La condizione degli animali domestici era stata fino a quel momento diversa da quella attuale: gli animali si consideravano allora per lo più strumenti di lavoro, mezzi di trasporto o semplici proprietà. Cani da guardia, gatti cacciatori di topi, cavalli e buoi da tiro avevano un valore prevalentemente utilitaristico, con scarsa considerazione per il loro benessere emotivo o fisico.
L’abbandono degli animali era una pratica ancora piuttosto comune, socialmente accettata. Nelle città in rapida industrializzazione, non esistevano rifugi organizzati o legislazioni a protezione degli animali abbandonati: quelli che perdevano per qualsiasi ragione la loro utilità, o diventavano un peso economico, venivano uccisi, oppure abbandonati, condannati a una vita di stenti e a una morte prematura.
In questo contesto culturale, Guy de Maupassant anticipa le moderne battaglie antispeciste, manifestando una sensibilità inusuale per l’epoca verso la sofferenza animale.
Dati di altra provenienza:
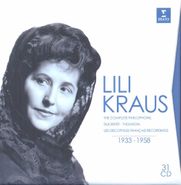 Lili Kraus, Lili Kraus - The Complete Parlophone, Ducretet-Thomson & Discophiles Français Recordings  [Box Set] (CD)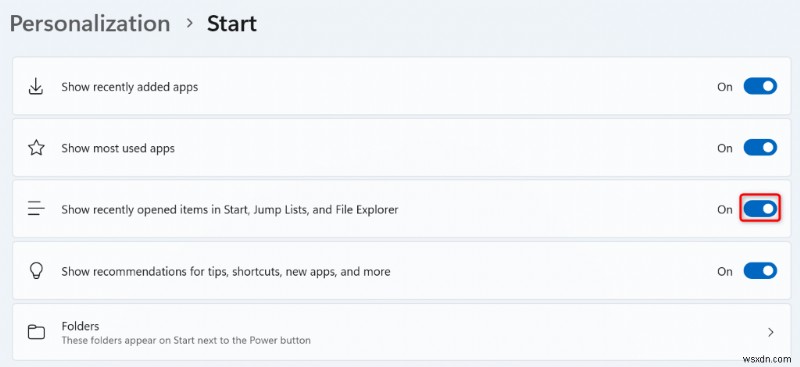 Master Windows 11 Jump Lists: Customizing Item Visibility
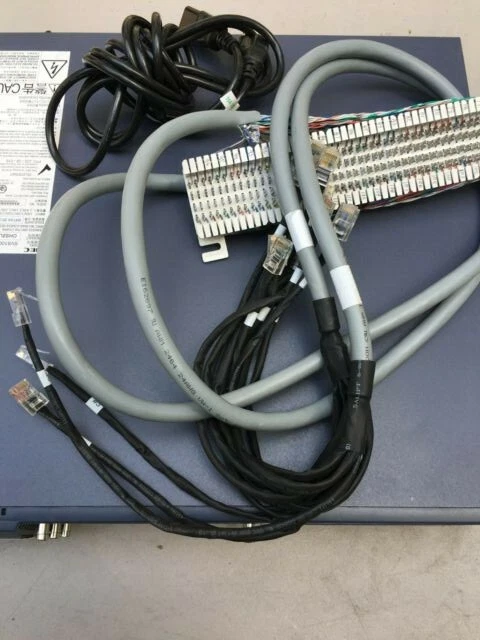 NEC Model - SV8100 or SV8300 Univerge VoiP Phone System CHS2U-US - Image 4 of 4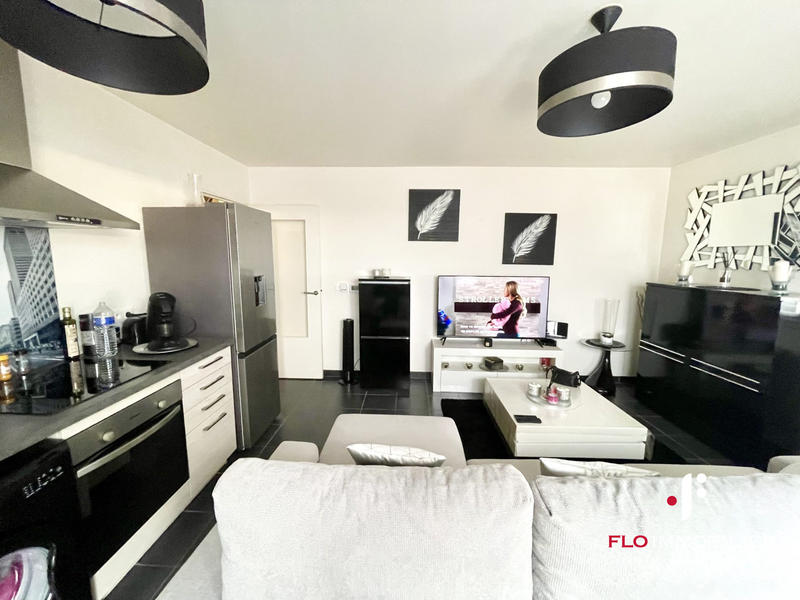 Appartement - 51 m² - 2 pièces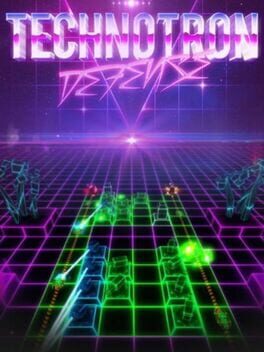Cover Technotron Defense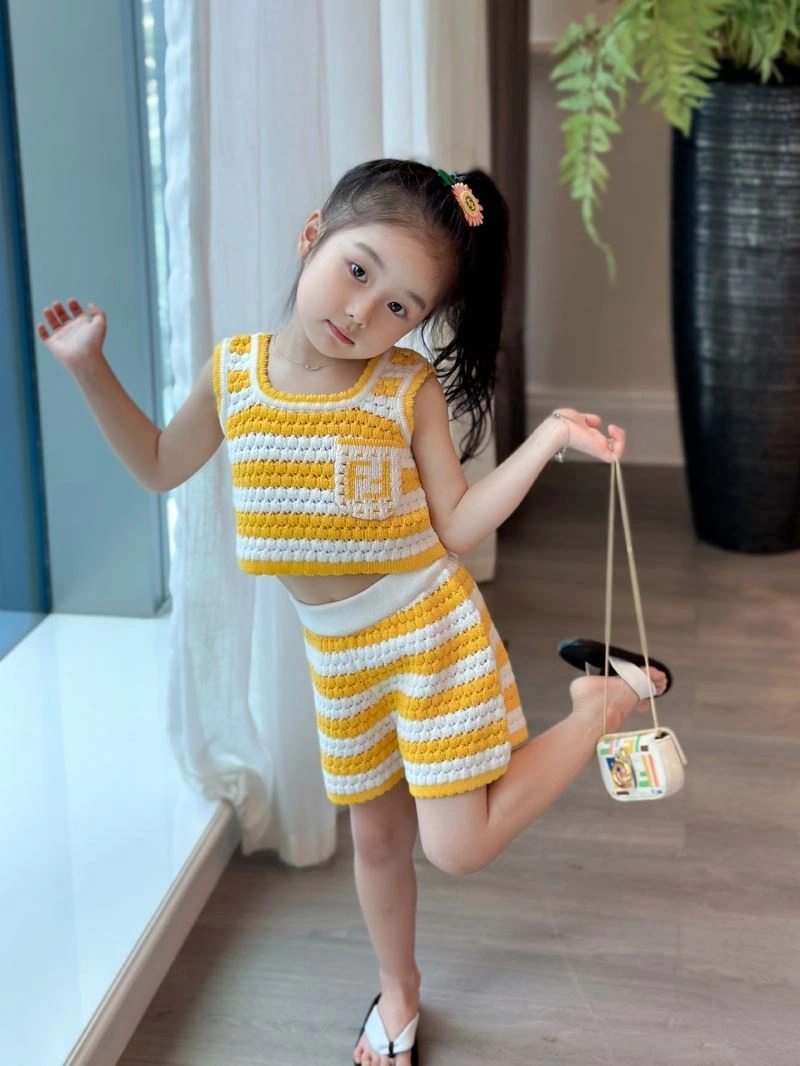 Fendi Kids Elegant 120930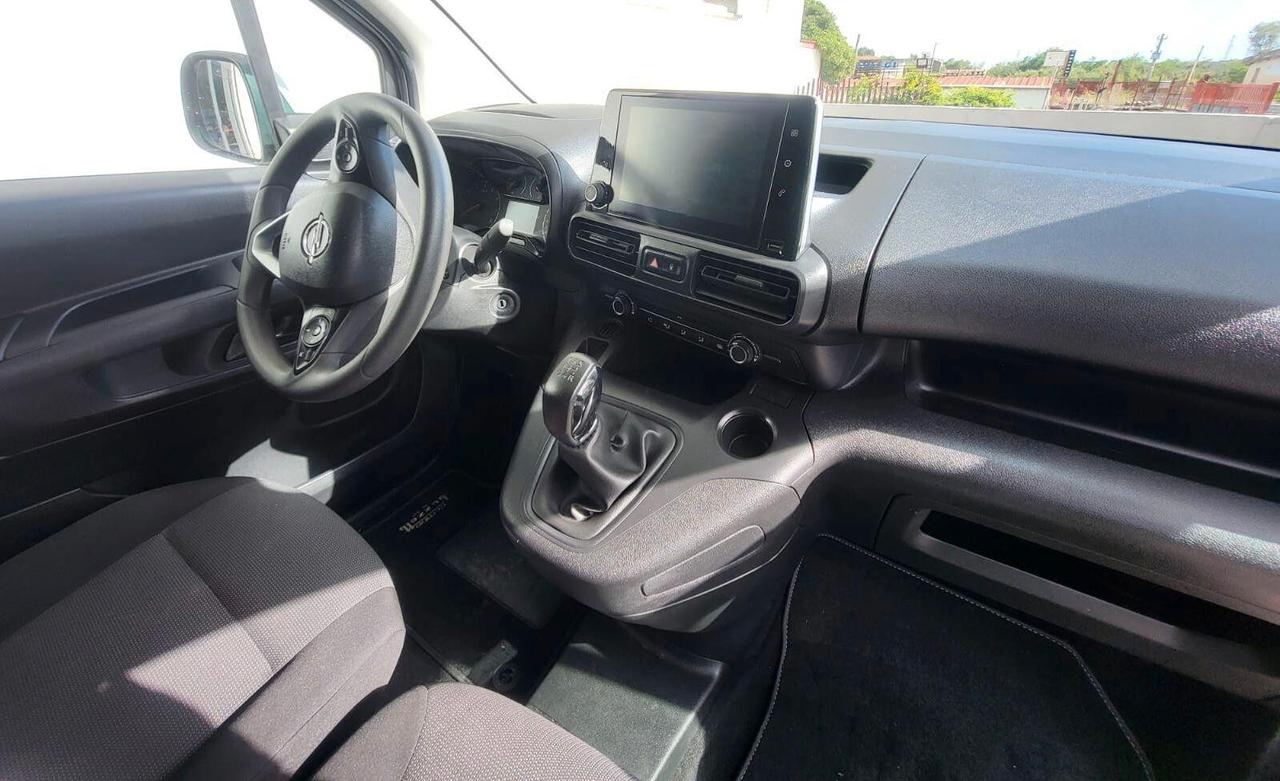 Opel Combo Cargo 1.5 Diesel 100CV S&S PC 650kg Edition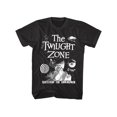thumbnail image 2 of Twilight Zone Question The Unknown Men'S T Shirt, 2 of 6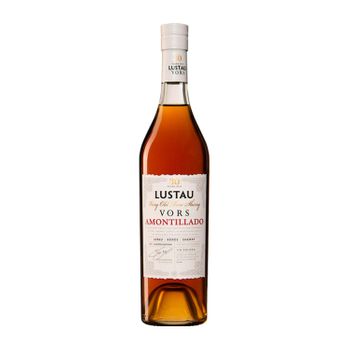 Lustau Vino Generoso Amontillado V.o.r.s. Very Old Rare Sherry Jerez-xérès-sherry Botella Medium 50 Cl 20% Vol.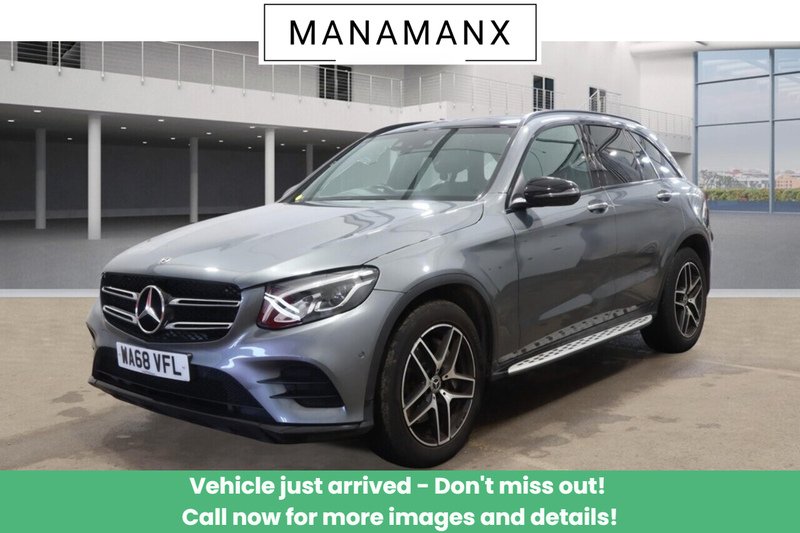 Used Mercedes-Benz GLC 2018 for sale - 77998396: Photo 4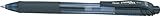 Pentel EnerGel X BL107-AX Gel-Tintenroller, schwarz, 0,7 mm Strichstärke,...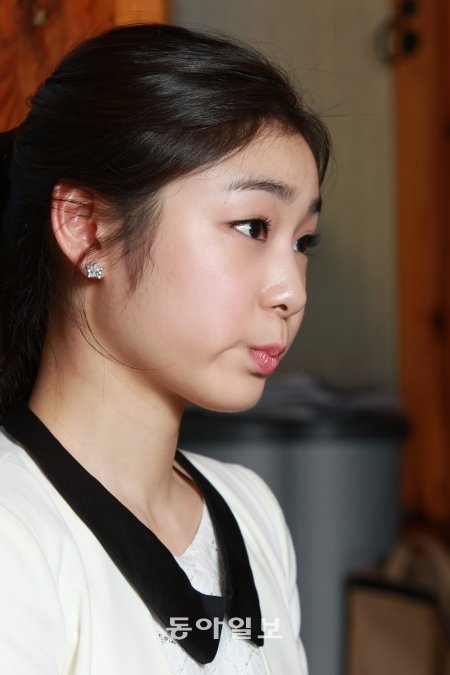 김연아. 동아일보DB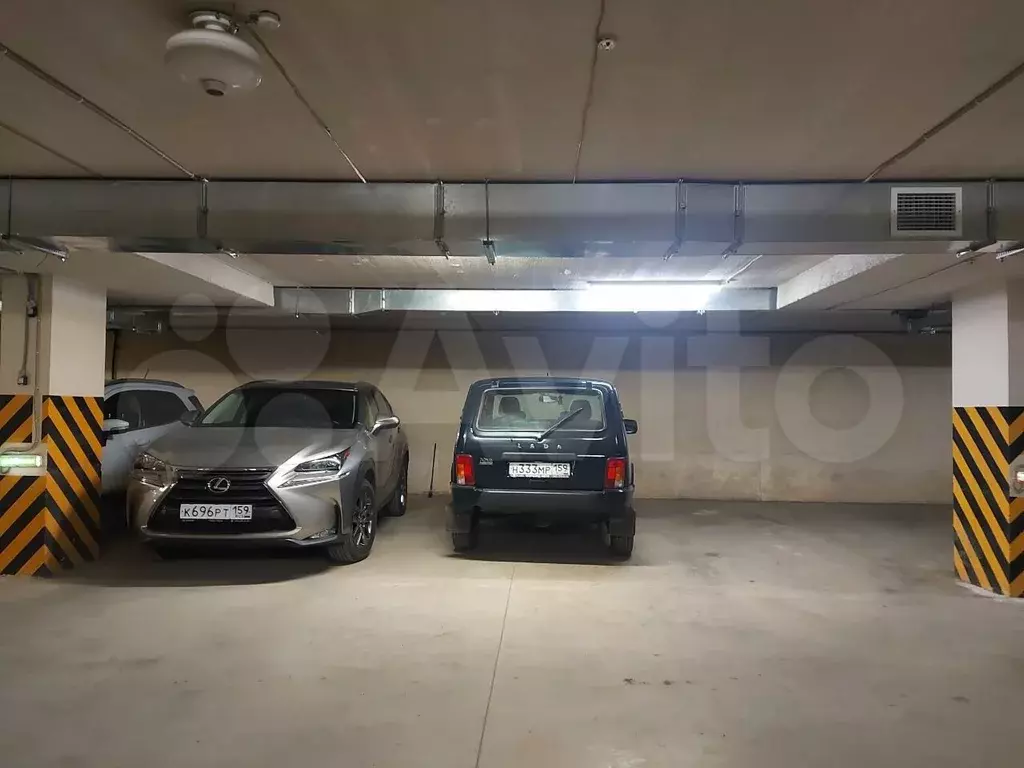 Машиноместо, 14 м - Фото 0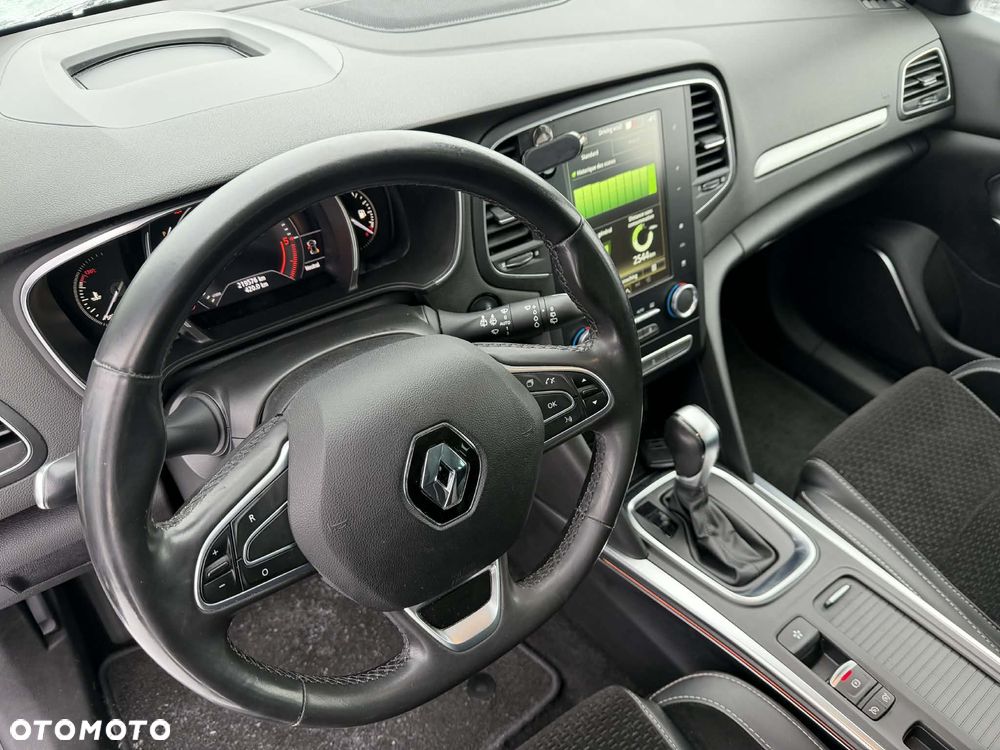 Renault Megane BLUE dCi 115 EDC INTENS - 7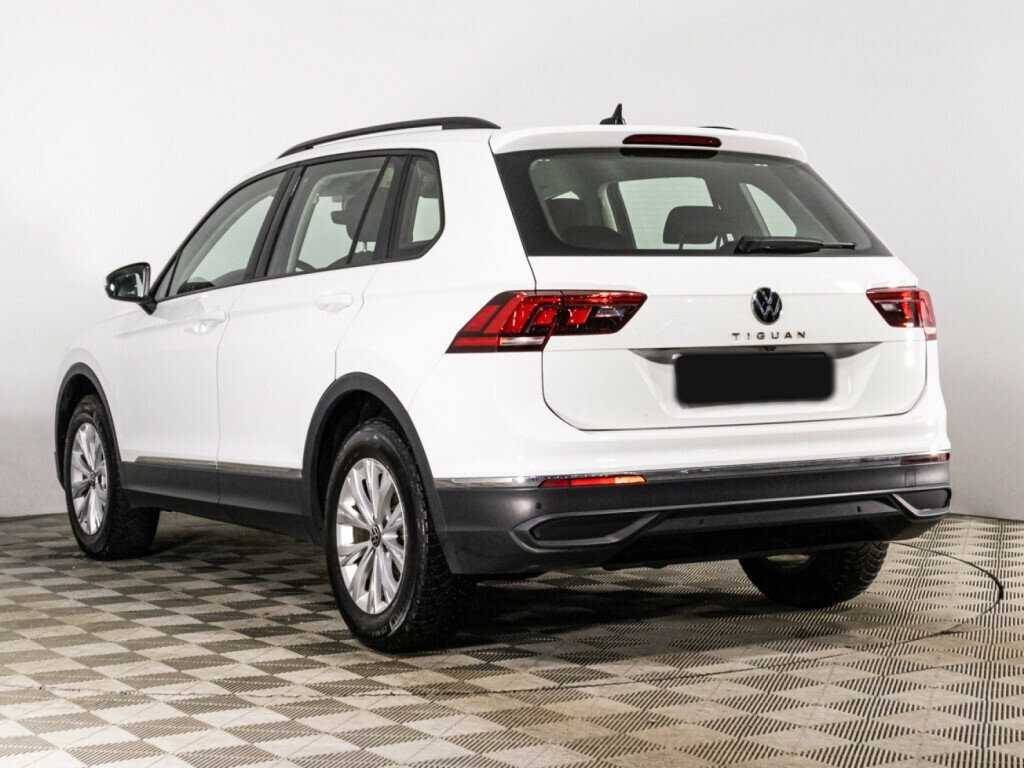 Volkswagen Tiguan, 2021 - 34 956 км. | Фото №7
Particolarmente significativo è il suo racconto Pierrot, dove narra con profonda commozione la storia di un cane abbandonato, evidenziando la crudeltà e l’indifferenza umana.
Maupassant riesce a mettere in luce non solo la sofferenza dell’animale abbandonato, ma anche l’insensibilità di una società che non riconosce valore alla vita animale, se non in misura proporzionale all’utilità pratica. In questo era all’avanguardia rispetto ai valori dominanti del suo tempo.
Nell’ultimo dopoguerra, gli animali iniziano a essere considerati sempre più come membri della famiglia. Questo cambiamento di status coincide con l’emergere di un nuovo paradigma etico che riconosce agli animali non solo bisogni fisici ma anche emotivi.
Oggi l’abbandono degli animali è generalmente considerato un atto riprovevole e, in molti paesi, perseguibile legalmente. Esistono rifugi, associazioni di volontariato e campagne di sensibilizzazione dedicate alla lotta contro questo fenomeno. L’identificazione obbligatoria tramite microchip e la registrazione anagrafica, sono strumenti concreti per contrastare l’abbandono.
Ciononostante, il problema persiste. In Italia, ad esempio, si stima che ogni anno vengano abbandonati oltre 50.000 animali domestici, con picchi durante i periodi estivi. Questo suggerisce che, nonostante i progressi culturali, permangono atteggiamenti di irresponsabilità e indifferenza.
La preoccupazione di Maupassant per la sofferenza degli animali abbandonati anticipa effettivamente di decenni il dibattito pubblico su questo tema. In un’epoca in cui gli animali erano considerati principalmente come proprietà o strumenti, la sua capacità di riconoscerne la dignità e di denunciare la crudeltà dell’abbandono rappresenta una significativa eccezione alla mentalità dominante.